Mareike Transfeld, Ahmed al-Sharjabi

Communication is Needed for a New Round of Yemen’s Truce to be Impactful for Communities

January 2023

While celebrated by the international community, many Yemenis do not see the country’s truce as a success. Significant disappointments included continuing violations and a lack of meaningful negotiations at the national-level talks. However, as Mareike Transfeld and Ahmed al-Sharjai argue, there were positive impacts at the local level. For a future truce to have a greater impact, more communication amongst stakeholders is needed.

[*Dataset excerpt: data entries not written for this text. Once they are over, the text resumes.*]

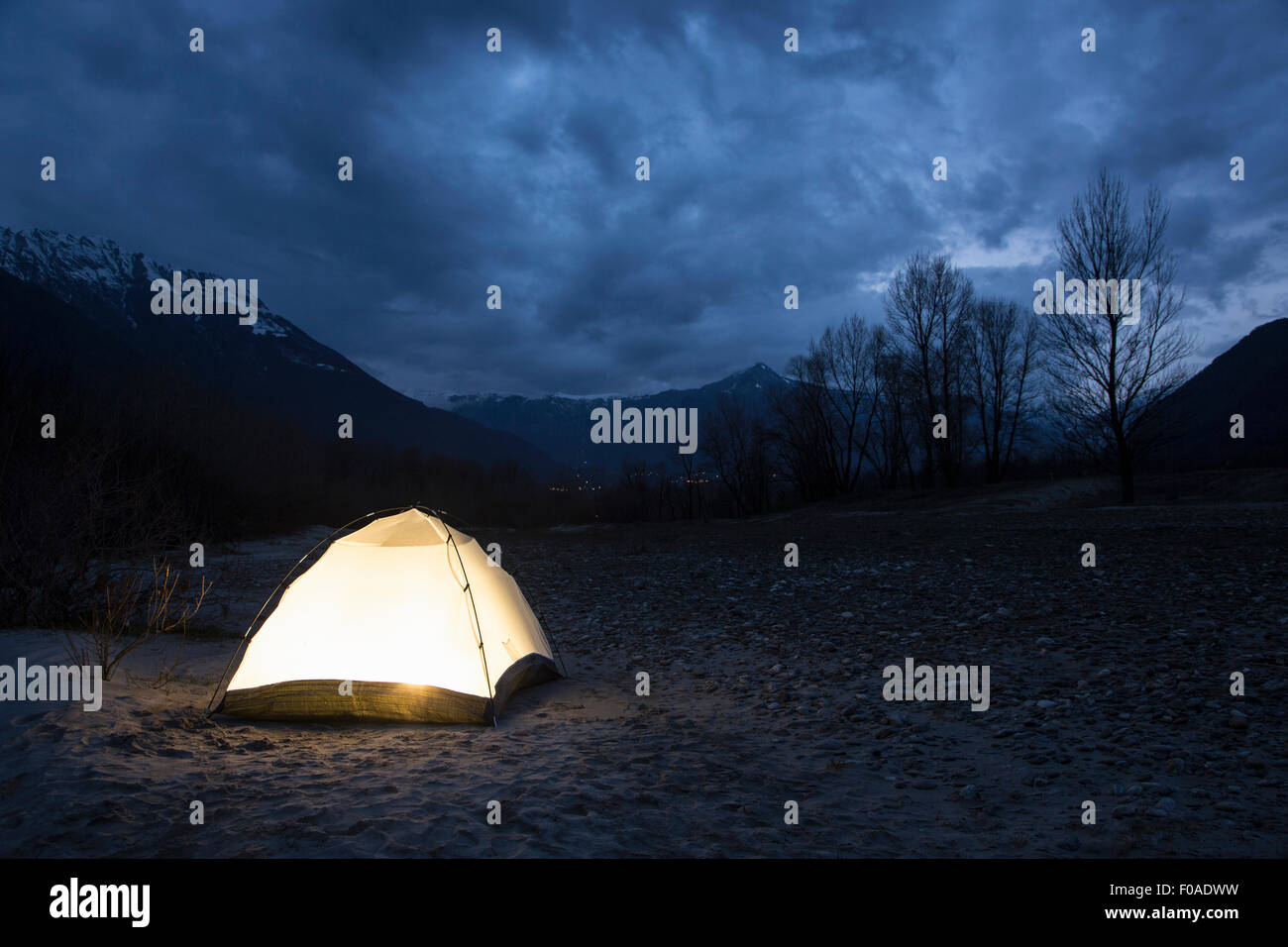 Tent illuminated at night, Premosello, Verbania, Piedmonte, Italy Stock Photo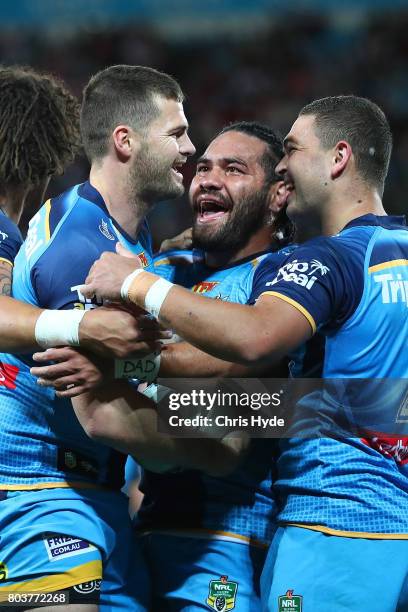 Anthony Don of the Titans celebrates after scoring a try with team mates during the round 17 NRL match between the Gold Coast Titans and the St...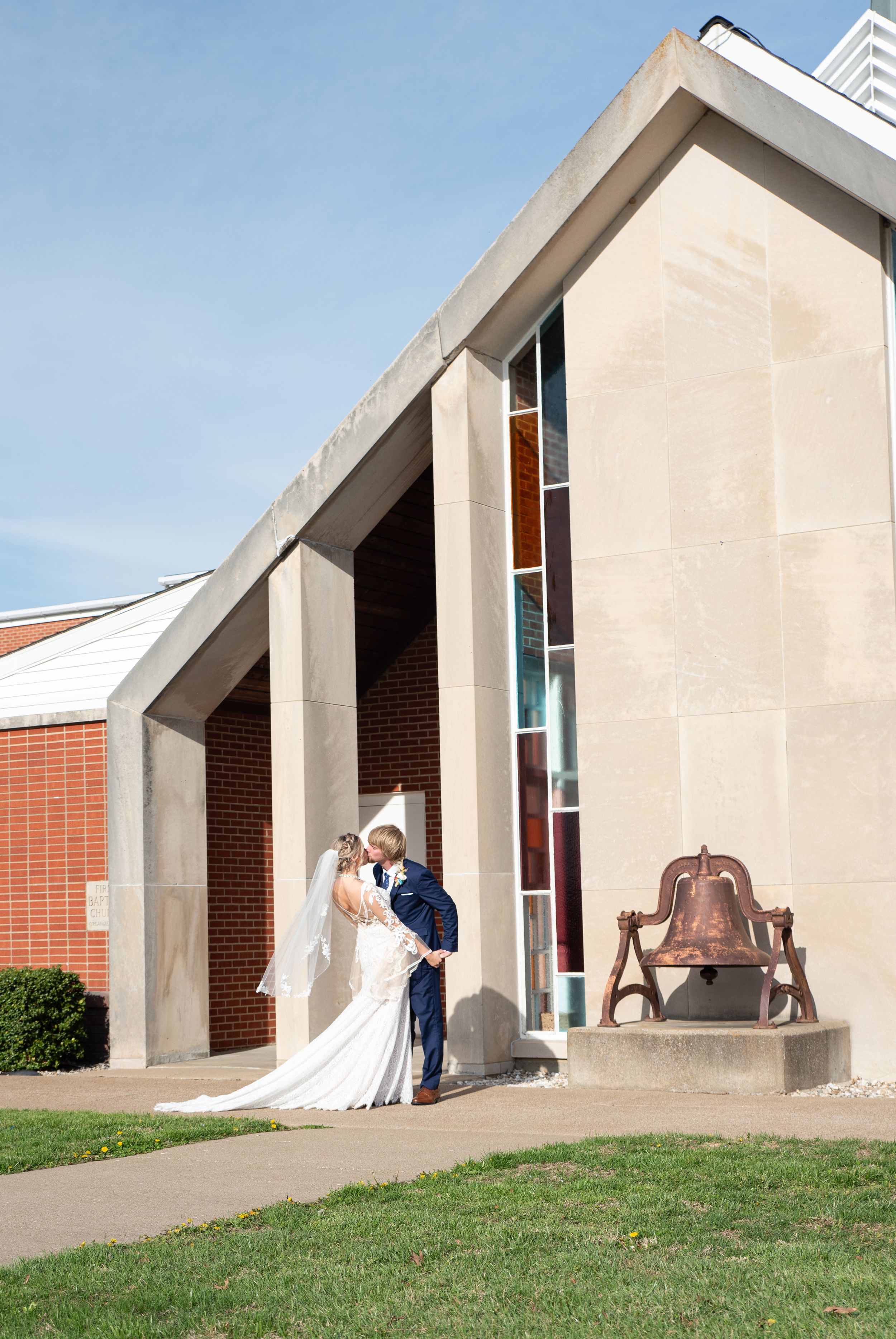 Bride and Groom sharing a kiss in front of the church in Eddyville, Kentucky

The six-month truce that lasted between April and September 2022 in Yemen was the greatest achievement of the United Nations-led peace process so far. Although some of the truce’s achievements, such as the re-opening of Sanaa International Airport to commercial flights in April 2022, were celebrated, overall, Yemenis are disappointed. While the Saudi-led coalition conducted no airstrikes, violence in many of the frontlines continued unabated. In addition, the expectations that the truce would lead to a political process and the negotiation of a political settlement were not realised. When asked about the impact of the truce, local sources focused primarily on truce violations at the frontlines and the national-level talks in Amman, which failed to reach an agreement on essential points, including the opening of Hawban road in Taiz. In addition, the reality of life for most Yemenis was not greatly improved during the truce period. Many Yemenis experienced continued or even increased restrictions on their movement and extremely high prices for daily necessities. And because of major funding cuts across international humanitarian organizations, Yemen’s vulnerable communities received less support during the truce.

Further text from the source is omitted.